22 Views Asked by At

I have a line with endpoints $0$ and $100$, containing a set $S$ of $k$ points. I know nothing in advance of what the values of $S$ will be except that they will sum to $100k/2$.

I am trying to find (or create) a measure of "distinctness" for the set of points so that I can numerically compare it to other sets of $k$ points on the same line.

I've been struggling to come up with a good definition of distinctness, but I'm hoping the concept is intuitive with examples.

  1. $S$ is maximally distinct (i.e. its distinctness value is 100%) if the $k$ points are equally spaced and span the entire line (i.e. at points $0, 100/(k-1), ... 100(k-2)/(k-1), 100$).

  2. $S$ is minimally distinct (i.e. its distinctness value is 0%) if all $k$ points share the same value (i.e. 50).

What I am trying to do here is calculate the separation of the points. I have tried using the average of the distances between adjacent points, but that treats $S=[0,40,100]$ the same as $S=[0,50,100]$ and the latter should be more distinct. I have tried measuring the minimum distance between two adjacent points, but then that can't distinguish between $S=[0,10,15]$ and $S=[0,20,25]$, and again the latter should be more distinct.

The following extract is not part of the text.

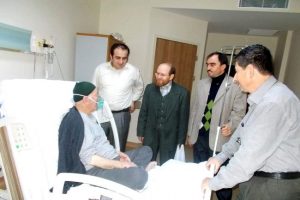 Orhaneli M&uuml;ft&uuml;l&uuml;ğ&uuml;'nden hastalara moral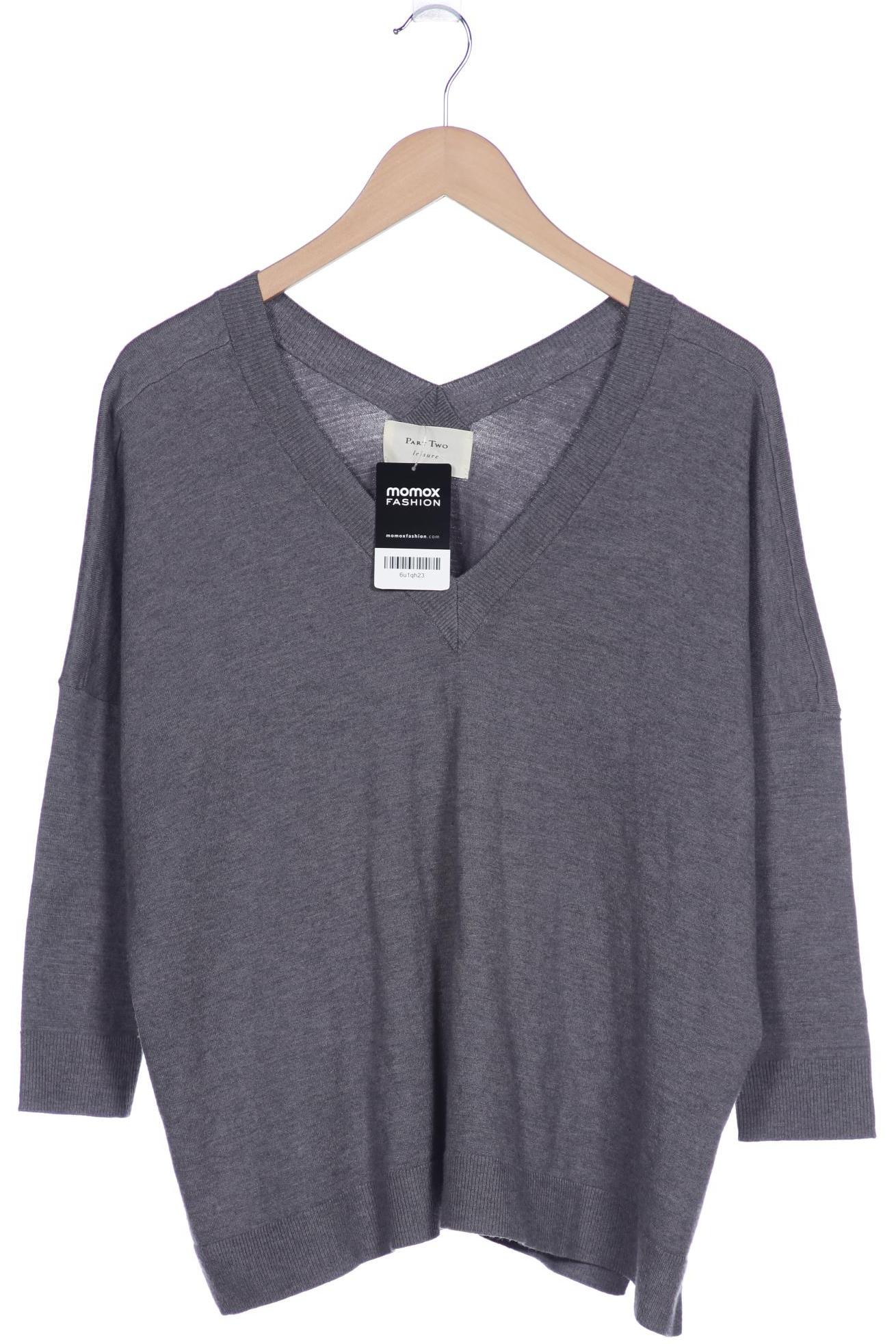 

Part Two Damen Pullover, grau, Gr. 36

I suspect the answer lies in some combination of the average of the distances between adjacent points and the standard deviation (or variance) of the same, but I can't figure out a formula that makes sense.

I don't know if this is a genuinely new problem or if I just don't know the right keyword to search, but advice would be appreciated.

1

There are 1 best solutions below

0
On

You can use distances between adjacent points, but you need to apply a concave function to them first. For instance, you might take $\sum_{i=1}^{k-1} \sqrt{d_i}$, where $d_i$ is the distance between the $i$th and $(i+1)$-st point. This will attain a maximum when points are equally spaced between the smallest point and largest point. It also is strictly increasing when you increase the distance between any two adjacent points. This is far from the only solution, though. There are more subtle questions, like should $[0,10,20]$ or $[0,19,21]$ be more distinct?